[OPE-L:5695] Re: Re: Re: Re: Response to Fred - 1

From: nicola taylor (n.taylor@student.murdoch.edu.au)
Date: Wed May 30 2001 - 21:05:46 EDT


Fred, 
thanks again for taking up the discussion.  Of course, it is obvious -
given our different perspectives on the method of *Capital* and the
different meanings we attribute to the term 'abstract labour' - that we
will have different interpretations both of Marx's passage and of it's
place in his work as a whole.  

RE your objection to my use of the term 'concrete labour' to describe
'content': 

On Marx's duality of concrete-labour/abstract-labour I went to some lengths
(Jerry might even call it a megapost?) to lay out what I consider to be the
problems in Marx's derivation of abstract-labour from concrete-labour, and
I also presented the brief outline of a critique of
abstract-labour-embodied value theory.  As you know, many of the debates in
the 1980s turned on this question of whether abstract-labour is a
physiological substance embodied in commodities during production (a
technical value theory, cf de Vroey) or a social form assumed by concrete
private labour when useful objects are produced for exchange by independent
producers (a social value theory, cf de Vroey).  I argued in my original
posts to you that both readings are subject to the same critique, *to the
extent* that they retain an abstract-labour-embodied theory.  Firstly, a
measure of value in labour time requires a simplification to homogeneous
abstract-labour, irrespective of whether the pre-market entities are taken
to be hours of concrete-labour (as in the technical interpretation) or
unobservable/potential quantities of abstract-labour (as in the social
interpretation).  Secondly, the 'paradigm of production' implicit in *all*
concrete/abstract-labour-embodied theories militates against an adequate
theorisation of the interpenetration of moments of production and
circulation within the circuit of capital as a whole.  

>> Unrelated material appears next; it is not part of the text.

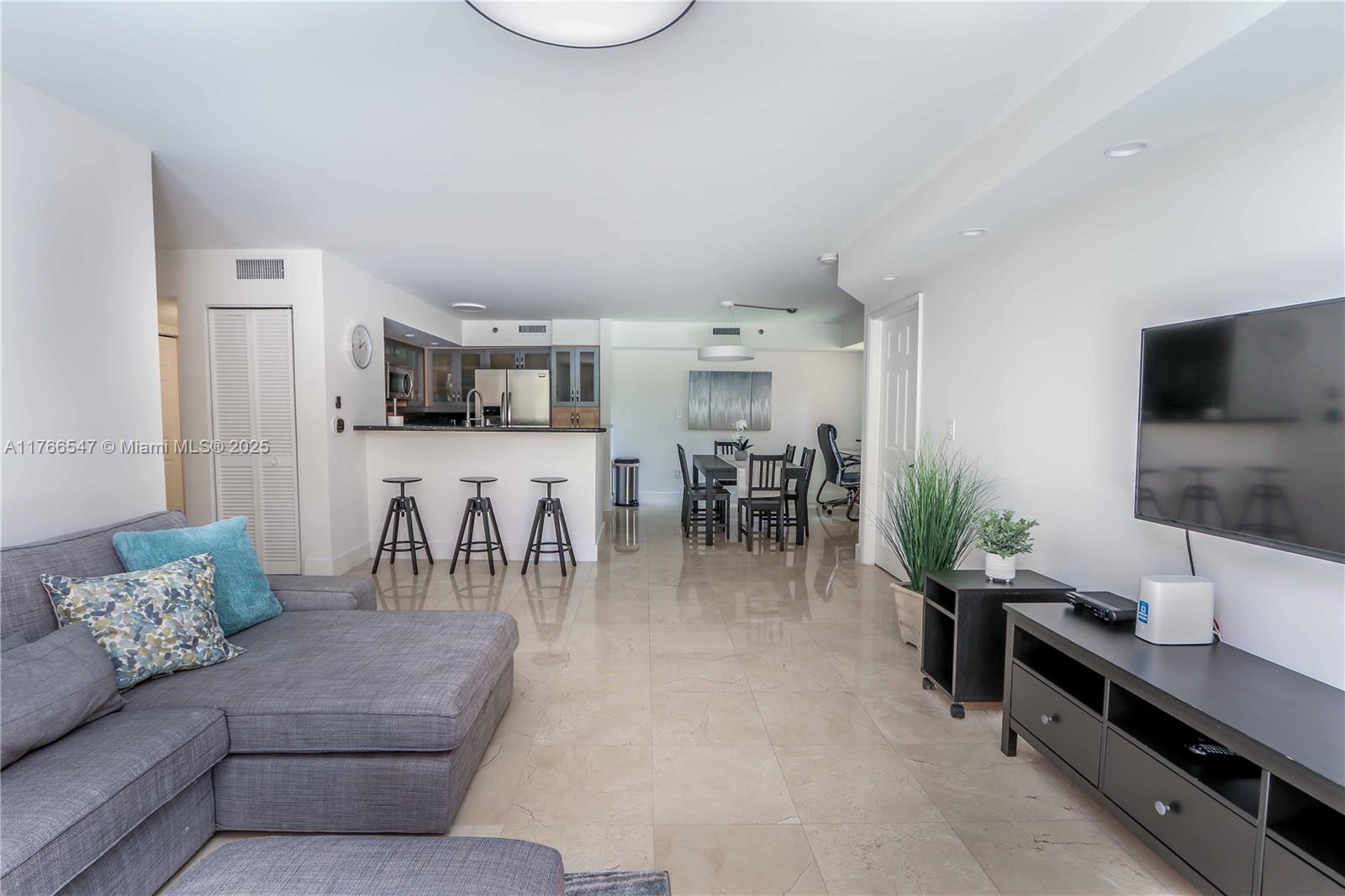 19555 E Country Club Dr #8202, Aventura FL 33180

With respect to these two arguments, I agree with Geert Reuten and Mike
Williams that the 'embodied character' of abstract-labour is more
fundamental than the empirical question of whether, in principle, it is
possible to arrive at a pre-market measure of homogeneous labour.  In a
capitalist economy, where labour, consumption and production are separate
activities and subject to the imperatives of valorisation, private labour
must assume a social value-form (wages) and concrete-labour can be
abstract-labour only to the extent that it does so.  An adequate theory of
value must come to terms with this domination of value-form over
value-content.  One way to theorise form-determination is to see money as
ontologically significant in determining both the character and extent of
economic activity; in this case, the Ricardian essence and appearance model
(where money is but a veil over exploitation) breaks down, and the concept
of abstract-labour as labour embodied in production must be abandoned.
This argument is most cogently expressed, imho, in current reconstructions
of abstract-labour not as a pre-market substance measured (immanently) in
labour time, but as the determinate form of labour that comes about only
when the imperatives of valorisation dominate the technical labour process.  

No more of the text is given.